Where conversion slows
and value leaks

A Bash-shaped commerce model built to show how acquisition, checkout, fulfillment, and returns interact. The goal is not a prettier dashboard. The goal is a decision view that product, growth, and operations can act on together.

Period 05 Jan 2026 - 29 Mar 2026
Dataset 18,000 users · 62,959 sessions · 4,186 orders
Model Synthetic workflow, seed 42
Session to purchase
6.65%
62,959 sessions into 4,186 purchases
App vs mobile web
8.78% vs 3.30%
Mobile app vs mobile web
Late-order impact
31.1%
12.1% of orders arrive late
Top return category
Footwear
22.9% return rate
Net revenue after returns
R4,138,436
R4,568,018 before refunds

Traffic reaches product.

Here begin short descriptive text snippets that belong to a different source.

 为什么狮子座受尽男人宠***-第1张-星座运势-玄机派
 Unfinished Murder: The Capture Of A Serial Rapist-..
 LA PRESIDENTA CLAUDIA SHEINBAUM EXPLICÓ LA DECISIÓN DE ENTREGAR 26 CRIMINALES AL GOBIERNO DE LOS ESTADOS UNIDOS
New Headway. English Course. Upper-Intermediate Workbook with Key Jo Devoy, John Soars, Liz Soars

Conviction breaks later.

Of every 100 sessions, only 6.7 convert to purchase. Product-stage exits alone absorb 59.0% of all non-converting sessions.

Funnel by device

App, desktop, and mobile web through the same five-step journey.

Bash funnel by device
Read this as
The model gets 70.4% of traffic to a product page, but only 21.8% of PDP visitors add to cart. Discovery is working better than product conviction.
Where non-converting sessions fall out

Each stage shows its share of total dropoff and the biggest reason inside that stage.

Browse
18,641 sessions lost

Top reason: Landing bounce (38.6% of this stage).

Product
34,670 sessions lost

Top reason: Size uncertainty (30.9% of this stage).

Cart
2,851 sessions lost

Top reason: Delivery cost shock (34.8% of this stage).

Checkout
2,611 sessions lost

Top reason: Payment failure (34.5% of this stage).

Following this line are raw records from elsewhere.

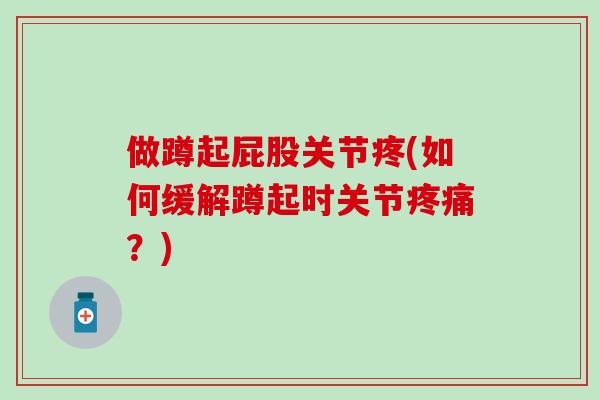 做蹲起屁股关节疼(如何缓解蹲起时关节疼痛？)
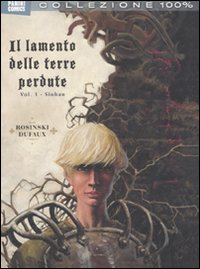 Il lamento delle terre perdute. Vol. 1: Sioban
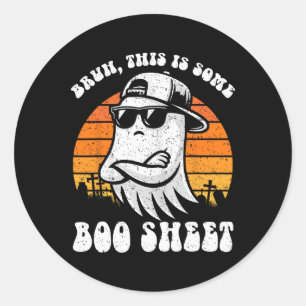 Bruh, das ist ein Boo Sheet Funny Halloween Ghost Runder Aufkleber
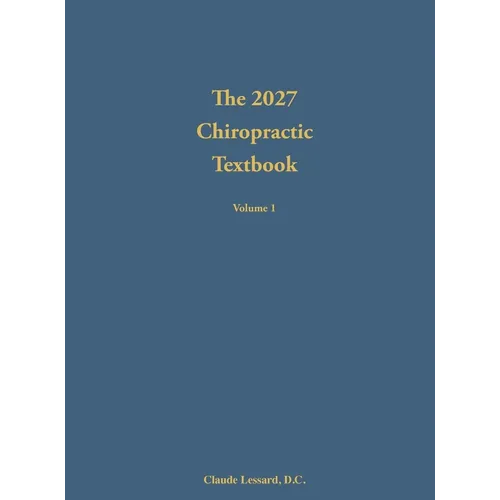 The 2027 Chiropractic Textbook Volume 1 - Hardcover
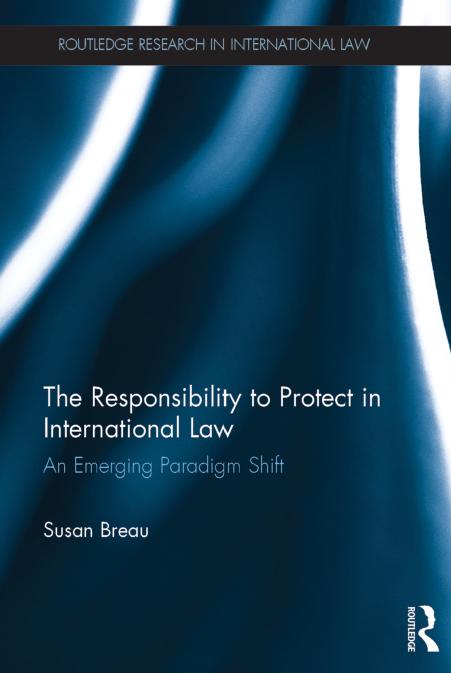 The Responsibility to Protect in International Law: An Emerging Paradigm Shift by Unknow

Mobile app and mobile web are not the same business.

The same catalogue performs very differently across surfaces. That makes the mobile web gap a conversion problem, not a traffic quality problem.

Session-to-purchase by device

Three surfaces, three very different outcomes.

Best
Mobile app
8.78%
27,293 sessions in model
Desktop
7.61%
14,241 sessions in model
Fix first
Mobile web
3.30%
21,425 sessions in model
Revenue cost of the gap
If mobile web converted at even 4.39% - just half of app performance - the same traffic would generate roughly 233 extra purchases.
Checkout completion by acquisition channel

Completion rate among sessions that already reached checkout.

Checkout abandonment by acquisition channel
Action item
Affiliate is the weakest checkout source at 54.4% completion. The path into checkout matters as much as the volume entering it.

Late delivery becomes product debt fast.

Late orders make up 12.1% of the model, but they lift support contact to 31.1% and return rate to 21.6%.

Late vs on-time impact

Support rate, return rate, and delivery days split by outcome.

Late vs on-time fulfillment impact
What the delay cascades into

One delivery slip creates pressure far beyond logistics.

Support contact
31.1%
vs 9.8% on-time orders
Return-rate uplift
+6.7pp
21.6% late vs 15.0% on time
Split-shipment support gap
+9.1pp
16.8% split vs 7.7% single parcel

Returns are concentrated, not evenly spread.

Footwear carries the highest modeled return rate at 22.9%. The strongest signal inside the return mix is size issue.

Return rate by category

Footwear leads the pressure profile, with Women Apparel close behind.

Return rate by category
Top return reasons

Return volumes point directly to content and expectation gaps.

Size issue
169
Not as expected
102
Changed mind
86
Fit preference
68
Quality issue
67
Duplicate purchase
65
Delivery delay
53
Damaged on arrival
51
Key signal
Size issue is the leading return reason. In Footwear, that points to fit guidance, expectation-setting, and better post-order reassurance.

Four actions to take next quarter.

Ordered by practical commercial impact. Every move below is grounded in a visible signal from the modeled journey.

Growth

Fix mobile web checkout before buying more traffic.

Halfway to app performance would add about 233 purchases from existing sessions.

Operations

Reduce split shipments before they reach support.

Split deliveries push support contact to 16.8% versus 7.7% on single-parcel orders.

Product

Move delivery reliability into the weekly product review.

Only 12.1% of orders are late, but they trigger a 31.1% support-contact rate.

Category

Target Footwear first for fit and expectation fixes.

22.9% return rate with size issue leading the return mix.

This case study uses synthetic but behaviorally consistent data designed to reflect an omnichannel retail workflow. It is a decision model, not a claim of access to internal TFG data.